3. Are the summits clearly marked?
Only a few. Each one is different. Some have plaques, or benchmarks and several have nothing to designate the summit.
4. Can a GPS help?
A GPS can be a very useful tool, when used in conjunction with maps and other standard navigational equipment. We have incorporated many GPS routes already into our presentation here on the internet for your downloading pleasure. In the near future our goal is to have a complete GPS loaded site to include topos, profiles and downloadable GPS routes.
5. Can I take my dog?
Yes and no. No you cannot in the Great Smoky Mountains National Park. Yes you can on the Blue Ridge Parkway as long as he/she is on a leash.
6. Can I ride my horse or ATV rather than hike the program peaks?

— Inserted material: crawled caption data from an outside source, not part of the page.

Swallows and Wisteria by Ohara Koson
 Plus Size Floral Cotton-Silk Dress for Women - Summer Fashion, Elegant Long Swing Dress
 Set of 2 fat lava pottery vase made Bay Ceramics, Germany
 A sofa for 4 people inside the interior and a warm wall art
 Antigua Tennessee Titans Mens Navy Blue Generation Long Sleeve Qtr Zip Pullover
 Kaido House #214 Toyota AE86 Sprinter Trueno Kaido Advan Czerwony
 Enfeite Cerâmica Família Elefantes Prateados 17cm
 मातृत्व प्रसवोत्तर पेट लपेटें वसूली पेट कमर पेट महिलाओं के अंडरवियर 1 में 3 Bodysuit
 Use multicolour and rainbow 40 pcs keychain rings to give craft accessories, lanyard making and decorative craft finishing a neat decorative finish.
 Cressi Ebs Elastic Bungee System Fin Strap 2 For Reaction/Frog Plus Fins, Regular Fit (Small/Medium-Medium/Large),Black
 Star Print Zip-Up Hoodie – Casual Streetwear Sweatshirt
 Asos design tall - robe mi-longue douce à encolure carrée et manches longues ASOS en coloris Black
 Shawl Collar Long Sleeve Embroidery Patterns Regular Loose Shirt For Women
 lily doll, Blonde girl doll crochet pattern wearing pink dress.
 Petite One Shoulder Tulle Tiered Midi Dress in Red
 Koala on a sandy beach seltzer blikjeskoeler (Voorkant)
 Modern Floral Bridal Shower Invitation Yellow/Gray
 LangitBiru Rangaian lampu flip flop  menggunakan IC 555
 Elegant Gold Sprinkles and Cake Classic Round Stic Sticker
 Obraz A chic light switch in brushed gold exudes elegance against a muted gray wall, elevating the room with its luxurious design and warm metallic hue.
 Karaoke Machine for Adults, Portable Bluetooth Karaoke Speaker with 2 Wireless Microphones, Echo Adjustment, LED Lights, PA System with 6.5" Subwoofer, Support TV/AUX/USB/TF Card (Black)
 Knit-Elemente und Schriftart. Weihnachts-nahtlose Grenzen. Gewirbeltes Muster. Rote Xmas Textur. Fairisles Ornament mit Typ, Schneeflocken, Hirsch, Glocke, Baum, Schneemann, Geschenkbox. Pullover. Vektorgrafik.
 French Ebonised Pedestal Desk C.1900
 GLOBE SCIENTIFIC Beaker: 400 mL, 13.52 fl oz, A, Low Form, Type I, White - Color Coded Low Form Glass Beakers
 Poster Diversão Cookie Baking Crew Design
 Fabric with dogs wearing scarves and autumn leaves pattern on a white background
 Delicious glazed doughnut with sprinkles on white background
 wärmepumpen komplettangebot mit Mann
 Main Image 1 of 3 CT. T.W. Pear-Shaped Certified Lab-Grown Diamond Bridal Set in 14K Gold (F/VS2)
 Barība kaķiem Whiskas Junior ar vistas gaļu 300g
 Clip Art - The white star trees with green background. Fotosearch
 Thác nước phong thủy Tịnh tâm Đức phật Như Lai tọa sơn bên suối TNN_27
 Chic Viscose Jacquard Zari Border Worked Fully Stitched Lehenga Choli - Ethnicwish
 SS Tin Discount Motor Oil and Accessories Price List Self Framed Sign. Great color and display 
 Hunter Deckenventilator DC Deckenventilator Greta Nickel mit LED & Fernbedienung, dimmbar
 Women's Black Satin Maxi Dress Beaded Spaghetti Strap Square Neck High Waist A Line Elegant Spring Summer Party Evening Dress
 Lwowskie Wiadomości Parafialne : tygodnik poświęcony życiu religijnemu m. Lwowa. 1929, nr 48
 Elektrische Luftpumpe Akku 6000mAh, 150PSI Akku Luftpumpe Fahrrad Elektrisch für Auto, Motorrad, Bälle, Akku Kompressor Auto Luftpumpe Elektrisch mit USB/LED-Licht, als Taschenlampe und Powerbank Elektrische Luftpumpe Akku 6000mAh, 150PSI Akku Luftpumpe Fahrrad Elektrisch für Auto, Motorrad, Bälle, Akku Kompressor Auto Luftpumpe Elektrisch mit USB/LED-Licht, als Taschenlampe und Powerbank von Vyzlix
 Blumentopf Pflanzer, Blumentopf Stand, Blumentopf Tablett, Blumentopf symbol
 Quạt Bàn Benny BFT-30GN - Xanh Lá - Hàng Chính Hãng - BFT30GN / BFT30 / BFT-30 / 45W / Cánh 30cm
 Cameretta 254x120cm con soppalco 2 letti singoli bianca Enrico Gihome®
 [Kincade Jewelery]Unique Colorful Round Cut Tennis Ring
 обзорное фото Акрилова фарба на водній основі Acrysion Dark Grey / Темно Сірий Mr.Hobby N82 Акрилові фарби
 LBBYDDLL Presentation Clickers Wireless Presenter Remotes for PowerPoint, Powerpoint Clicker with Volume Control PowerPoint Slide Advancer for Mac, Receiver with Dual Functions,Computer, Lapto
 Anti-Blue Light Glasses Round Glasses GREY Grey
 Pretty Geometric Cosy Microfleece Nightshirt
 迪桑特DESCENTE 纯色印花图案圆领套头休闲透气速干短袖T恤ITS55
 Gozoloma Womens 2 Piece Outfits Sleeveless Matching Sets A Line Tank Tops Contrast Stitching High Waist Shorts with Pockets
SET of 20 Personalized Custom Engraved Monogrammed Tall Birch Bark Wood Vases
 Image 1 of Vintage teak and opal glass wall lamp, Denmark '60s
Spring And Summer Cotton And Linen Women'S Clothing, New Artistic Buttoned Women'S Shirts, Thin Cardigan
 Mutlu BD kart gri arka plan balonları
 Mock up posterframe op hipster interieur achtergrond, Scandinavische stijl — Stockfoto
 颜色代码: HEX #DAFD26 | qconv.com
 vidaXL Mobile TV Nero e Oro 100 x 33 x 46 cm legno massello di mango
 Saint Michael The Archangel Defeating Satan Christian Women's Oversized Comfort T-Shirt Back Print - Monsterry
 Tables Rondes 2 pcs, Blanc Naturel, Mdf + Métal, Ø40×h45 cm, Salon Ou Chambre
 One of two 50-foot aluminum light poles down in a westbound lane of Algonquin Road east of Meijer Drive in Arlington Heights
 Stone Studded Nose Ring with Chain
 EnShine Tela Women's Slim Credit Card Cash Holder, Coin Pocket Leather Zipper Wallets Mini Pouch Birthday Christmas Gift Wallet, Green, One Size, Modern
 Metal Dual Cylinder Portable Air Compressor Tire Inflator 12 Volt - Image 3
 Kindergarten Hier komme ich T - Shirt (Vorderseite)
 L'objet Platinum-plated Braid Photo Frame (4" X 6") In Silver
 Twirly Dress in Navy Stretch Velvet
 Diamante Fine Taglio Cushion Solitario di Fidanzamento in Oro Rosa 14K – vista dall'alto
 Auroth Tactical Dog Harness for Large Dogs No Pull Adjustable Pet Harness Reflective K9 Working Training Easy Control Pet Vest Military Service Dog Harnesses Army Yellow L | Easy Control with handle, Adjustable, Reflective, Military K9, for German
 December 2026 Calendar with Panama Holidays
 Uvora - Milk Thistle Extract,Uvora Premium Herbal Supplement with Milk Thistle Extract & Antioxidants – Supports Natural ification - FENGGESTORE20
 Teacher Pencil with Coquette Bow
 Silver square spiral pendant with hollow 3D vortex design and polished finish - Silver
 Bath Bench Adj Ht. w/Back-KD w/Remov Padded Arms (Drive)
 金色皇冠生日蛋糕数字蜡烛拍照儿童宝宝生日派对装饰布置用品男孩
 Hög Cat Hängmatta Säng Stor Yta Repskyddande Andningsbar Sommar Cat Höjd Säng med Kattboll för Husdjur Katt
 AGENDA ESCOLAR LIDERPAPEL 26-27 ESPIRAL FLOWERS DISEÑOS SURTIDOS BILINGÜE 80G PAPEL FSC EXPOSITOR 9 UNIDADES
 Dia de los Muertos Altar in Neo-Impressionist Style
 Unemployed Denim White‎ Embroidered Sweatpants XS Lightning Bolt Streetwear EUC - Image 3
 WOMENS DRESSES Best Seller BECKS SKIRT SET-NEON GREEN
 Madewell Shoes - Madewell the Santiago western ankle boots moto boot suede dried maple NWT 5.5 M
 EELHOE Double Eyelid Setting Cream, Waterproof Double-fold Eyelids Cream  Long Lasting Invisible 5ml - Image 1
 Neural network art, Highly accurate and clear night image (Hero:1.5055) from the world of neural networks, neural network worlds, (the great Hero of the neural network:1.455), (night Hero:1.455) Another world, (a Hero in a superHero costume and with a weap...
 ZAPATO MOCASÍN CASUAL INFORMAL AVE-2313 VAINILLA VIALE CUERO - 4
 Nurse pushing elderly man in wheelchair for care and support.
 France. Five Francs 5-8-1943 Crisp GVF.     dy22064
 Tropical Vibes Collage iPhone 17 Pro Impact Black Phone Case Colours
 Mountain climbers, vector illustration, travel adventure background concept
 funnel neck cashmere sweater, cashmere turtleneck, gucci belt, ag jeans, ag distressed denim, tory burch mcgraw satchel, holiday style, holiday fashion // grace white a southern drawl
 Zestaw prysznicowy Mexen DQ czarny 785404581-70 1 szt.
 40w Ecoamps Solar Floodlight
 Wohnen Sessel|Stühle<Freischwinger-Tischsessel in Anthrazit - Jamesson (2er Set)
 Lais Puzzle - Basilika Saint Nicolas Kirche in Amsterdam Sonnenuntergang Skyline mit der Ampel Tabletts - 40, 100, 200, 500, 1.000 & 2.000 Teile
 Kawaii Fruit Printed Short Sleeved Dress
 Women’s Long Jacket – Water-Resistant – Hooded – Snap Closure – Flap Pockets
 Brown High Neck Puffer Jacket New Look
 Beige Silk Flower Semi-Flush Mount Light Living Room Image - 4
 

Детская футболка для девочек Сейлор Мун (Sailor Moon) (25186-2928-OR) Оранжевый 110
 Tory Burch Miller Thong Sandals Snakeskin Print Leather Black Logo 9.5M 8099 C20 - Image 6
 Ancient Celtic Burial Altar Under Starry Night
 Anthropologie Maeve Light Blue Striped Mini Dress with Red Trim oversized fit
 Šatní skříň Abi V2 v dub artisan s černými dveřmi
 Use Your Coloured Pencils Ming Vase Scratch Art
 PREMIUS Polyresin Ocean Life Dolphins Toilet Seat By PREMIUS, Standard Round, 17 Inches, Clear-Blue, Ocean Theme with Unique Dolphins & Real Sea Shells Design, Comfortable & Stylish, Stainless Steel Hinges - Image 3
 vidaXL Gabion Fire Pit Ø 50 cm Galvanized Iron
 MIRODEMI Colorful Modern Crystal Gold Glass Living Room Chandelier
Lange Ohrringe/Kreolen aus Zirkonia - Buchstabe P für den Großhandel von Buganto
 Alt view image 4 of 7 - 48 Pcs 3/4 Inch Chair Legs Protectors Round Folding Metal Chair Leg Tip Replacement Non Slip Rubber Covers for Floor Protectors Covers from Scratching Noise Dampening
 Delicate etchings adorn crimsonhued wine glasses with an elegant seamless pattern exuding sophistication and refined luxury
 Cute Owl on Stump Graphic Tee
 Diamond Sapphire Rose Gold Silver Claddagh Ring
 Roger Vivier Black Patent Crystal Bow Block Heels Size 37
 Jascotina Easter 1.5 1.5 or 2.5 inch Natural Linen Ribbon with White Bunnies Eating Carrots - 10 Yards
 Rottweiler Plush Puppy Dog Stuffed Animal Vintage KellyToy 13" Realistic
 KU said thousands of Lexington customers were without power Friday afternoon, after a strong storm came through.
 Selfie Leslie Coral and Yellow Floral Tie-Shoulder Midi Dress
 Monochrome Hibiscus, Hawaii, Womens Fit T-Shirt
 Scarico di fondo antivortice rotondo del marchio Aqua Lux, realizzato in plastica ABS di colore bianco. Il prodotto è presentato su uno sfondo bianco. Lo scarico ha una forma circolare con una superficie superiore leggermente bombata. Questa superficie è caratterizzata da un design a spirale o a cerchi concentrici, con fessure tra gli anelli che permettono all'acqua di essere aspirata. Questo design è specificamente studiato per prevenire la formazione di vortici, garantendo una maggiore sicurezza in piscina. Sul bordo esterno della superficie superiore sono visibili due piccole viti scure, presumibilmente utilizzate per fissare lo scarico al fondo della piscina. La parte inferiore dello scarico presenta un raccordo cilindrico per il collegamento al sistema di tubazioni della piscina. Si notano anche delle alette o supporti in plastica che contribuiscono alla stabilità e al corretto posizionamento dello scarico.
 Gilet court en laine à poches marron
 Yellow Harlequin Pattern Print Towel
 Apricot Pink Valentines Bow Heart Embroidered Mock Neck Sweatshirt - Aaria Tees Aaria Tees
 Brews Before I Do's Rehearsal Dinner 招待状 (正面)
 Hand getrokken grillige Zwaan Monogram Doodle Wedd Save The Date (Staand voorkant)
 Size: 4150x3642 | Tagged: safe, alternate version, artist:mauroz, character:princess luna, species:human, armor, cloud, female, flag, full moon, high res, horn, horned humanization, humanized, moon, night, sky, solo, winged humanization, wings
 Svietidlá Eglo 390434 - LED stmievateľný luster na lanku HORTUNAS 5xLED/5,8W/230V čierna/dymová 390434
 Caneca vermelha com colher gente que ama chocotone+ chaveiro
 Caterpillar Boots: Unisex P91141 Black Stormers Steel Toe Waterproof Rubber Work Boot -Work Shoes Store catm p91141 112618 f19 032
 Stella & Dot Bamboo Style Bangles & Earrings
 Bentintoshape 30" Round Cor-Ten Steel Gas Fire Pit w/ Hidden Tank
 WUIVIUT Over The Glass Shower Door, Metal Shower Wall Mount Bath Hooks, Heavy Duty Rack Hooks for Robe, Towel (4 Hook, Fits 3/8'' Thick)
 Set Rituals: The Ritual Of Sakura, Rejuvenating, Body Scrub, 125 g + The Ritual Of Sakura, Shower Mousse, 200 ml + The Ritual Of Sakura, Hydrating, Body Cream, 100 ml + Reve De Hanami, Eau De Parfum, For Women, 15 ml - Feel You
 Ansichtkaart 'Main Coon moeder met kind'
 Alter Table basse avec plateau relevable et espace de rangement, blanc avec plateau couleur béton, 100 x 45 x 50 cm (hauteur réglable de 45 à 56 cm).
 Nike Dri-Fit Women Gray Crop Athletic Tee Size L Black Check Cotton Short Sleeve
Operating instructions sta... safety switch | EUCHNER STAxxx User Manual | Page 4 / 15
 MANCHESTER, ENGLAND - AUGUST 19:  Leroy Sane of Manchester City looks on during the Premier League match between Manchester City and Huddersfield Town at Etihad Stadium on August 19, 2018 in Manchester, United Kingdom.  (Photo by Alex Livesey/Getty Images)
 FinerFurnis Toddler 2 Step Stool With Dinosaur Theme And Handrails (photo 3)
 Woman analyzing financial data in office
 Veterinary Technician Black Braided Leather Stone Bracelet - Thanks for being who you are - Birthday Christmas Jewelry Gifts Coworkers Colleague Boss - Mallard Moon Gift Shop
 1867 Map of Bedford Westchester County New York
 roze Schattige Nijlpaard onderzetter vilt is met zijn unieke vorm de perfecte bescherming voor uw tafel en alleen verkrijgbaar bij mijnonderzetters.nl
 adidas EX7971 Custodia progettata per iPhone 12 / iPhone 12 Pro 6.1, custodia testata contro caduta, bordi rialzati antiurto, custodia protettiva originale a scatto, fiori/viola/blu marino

No. I can’t believe you would even ask that question!
7. Can I do all of the peaks during day hikes?
You can do most of them during day hikes, however, unless you are willing or able to hike and climb upwards to 20-30 miles in one day you will might want to spend the night in the NE Smokies.
- Take your time. Most accidents in bushwhacking result from being in a hurry.
- You can see further and have less trouble with vegetation during the winter months.
8. What happened to Tricorner Knob--didn't it used to be a peak in the SB6K Challenge?
Tricorner Knob was removed from the SB6K Challenge several years ago because modern survey technology definitively determined it to be significantly lower than its nearby neighbor, Mt. Yonaguska. Previously, challenge participants could choose to climb either Tricorner Knob or Mt. Yonaguska because it was not known which peak was highest. Now that Mt. Yonaguska is known to be taller, it is the peak that remains in the challenge. Hikers who began the challenge prior to 2020 and climbed Tricorner Knob instead of Mt. Yonaguska are grandfathered in, therefore may still claim Tricorner on their ascent logs on the "Mt. Yonaguska" line. Hikers who log their first SB6K peak ascent after the start of 2020 must climb Mt. Yonaguska and not Tricorner Knob.
9. Is there a time limit to complete SB6K?
There is no time limitation to complete this challenge. Most hikers take several years to finish the challenge. The fastest the peaks have been complete is 4 day, 14 hours, and 38 minutes, a record set by Matt Kirk in one continuous journey (no vehicles involved between the first and last peaks) in 2010.